Is there something you would pinpoint across the past nearly 20 years that stands out to you as the most memorable moment?
Andrea: There’s been a few steps that we took that allowed us to become an international band and for sure when we did the first Ozzfest in America in 2004 that was the first time we felt we elevated to another level as a band, being together with bands like Judas Priest, Black Sabbath and all those bands that were on the bill. It was a higher level for us, they were people we only looked at magazines for and they were right there touring with us every day and coming to hang out. It was the time when we realised we were moving forward in our career and becoming more of an international band instead of just a little tiny Italian band with a particular sound. So I think that that moment we realised we were playing a different game and then there are other things like chart position, like the first time we broke into the US charts and in England as well, ‘Enjoy The Silence’ went into the main stream charts. So there has been several things, and sometimes we still get surprised, even now with the latest record we’ve had some of the best reviews we’ve ever had even in the magazines all around the world. We’ve also had some of the highest chart positions in Italy or in Germany or in other places, so there’s always something new that keeps these thing exciting. Exciting for us to do too.
You can hear a story behind your new album ‘Delirium’, can you talk a little about that?
Andrea: This time around we’ve taken a more extreme approach in the way that it’s the heaviest record for both musically but also for the content of the lyrics. We have been playing around with very delicate topics like mental illness and we’ve done a metaphor out of every mental illness that is also more day to day craziness that we went through personally in our lives. I’ll give an example, we wrote a song called “You Love Me ‘Cause I Hate You” and it runs along the theme of the Stockholm syndrome which is a syndrome you experience when get kidnapped and then you fall in love with the person which has kidnapped you. Obviously we’ve never been really kidnapped! One of our members in recent years when he was really imprisoned, although he didn’t recognise it but for everyone else around him it was obvious it was a very negative situation for him. But he didn’t realise how bad this relationship was for him until time went on and something really happened and he realised it wasn’t really good for him. So we’ve used these kind of metaphors and parallel between real experiences to make a bigger topic of mental illnesses and then we went to do some research for pictures from the old sanatoriums in the beginning of the century to see what the scary part was.

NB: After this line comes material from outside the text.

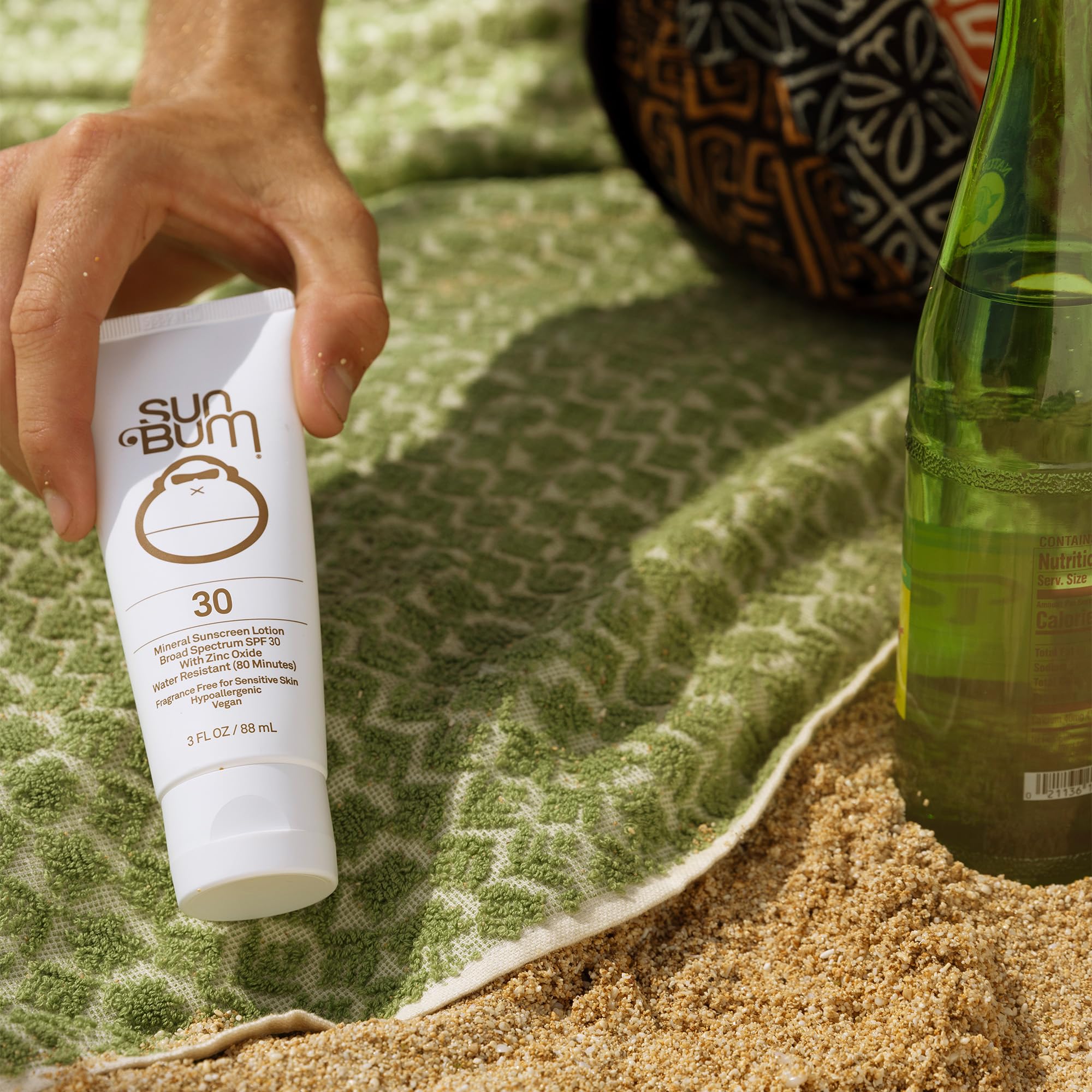 Sun Bum vegan cruelty-free icon on package.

It wasn’t the blood or the horror as much as the intensity of the look of these people and their positions and how unnatural their bodies were. To look at it was frightening, but nothing really was happening, they’re just standing still. But the look is great and that’s where we too inspirations for the booklet and for our clothes and we tried to portray that kind of feeling into the music you know. Also the songs, we tried to go crazy a little. In every song there is a little part where the music goes crazy or the vocals go crazy.

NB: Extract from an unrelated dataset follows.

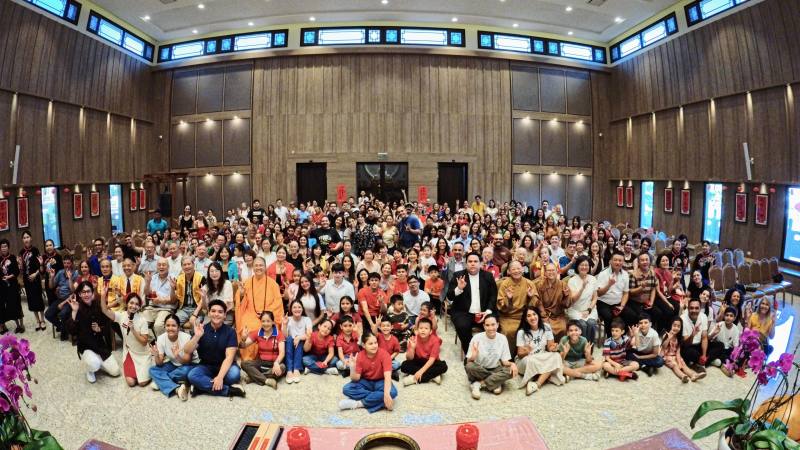 與會貴賓與僑胞齊聚合影，共賀新春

Yeah I was going to mention, in “House Of Shame” your vocals especially are some of the most aggressive I’ve heard from you.

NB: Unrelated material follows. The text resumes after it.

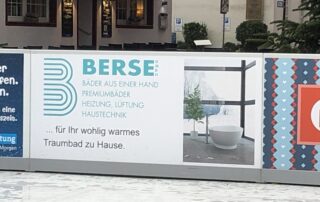 Bandenwerbung der Firma Berse auf der Eisbahn am Nikolausmarkt.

Andrea: We were not afraid but kind of thinking about it, because it [“House Of Shame”] was probably the heaviest song we’ve ever released and we’ve ever wrote and so we actually put it out as the first song off the album. We wanted people to wonder “who is this band?” A lot of people were like “is it really Lacuna Coil?” because we’ve never done something so heavy and that’s exactly the reactions we wanted for releasing a first single or a first song on the internet. That’s what got a lot of attention towards the album because people were very surprised by that, so it worked out pretty well although we were a bit apprehensive about what was going to happen. It turned out very well, exactly the kind of reaction what we wanted.
Has the line-up changes at all affected the writing process’ of the last few albums?
Andrea: Not much the writing, because Marco the bass player had already wrote most of the music and me and Cristina vocalise together and then we always arrange them together. So the team that’s writing the music hasn’t changed much compared to recent albums. Obviously having different people in the band makes a difference because there’s a different style of playing, there’s different attitudes. With the other guys in the band you build up a career, so people leaving after 16/17 years has been a sort of traumatic event just because you get so used to being with these people. It’s a very deep relationship you have when you spend so much time together and travel the world together. But the new people in the band, particularly Ryan (Drums) because he’s the only one who actually participated in the recordings and the writing. It allowed you to have a different approach, especially on the drums because of his style.
And you had a few of your friends on this album like Myles Kennedy (Alter Bridge) and Mark from Nothing More? How did that come about?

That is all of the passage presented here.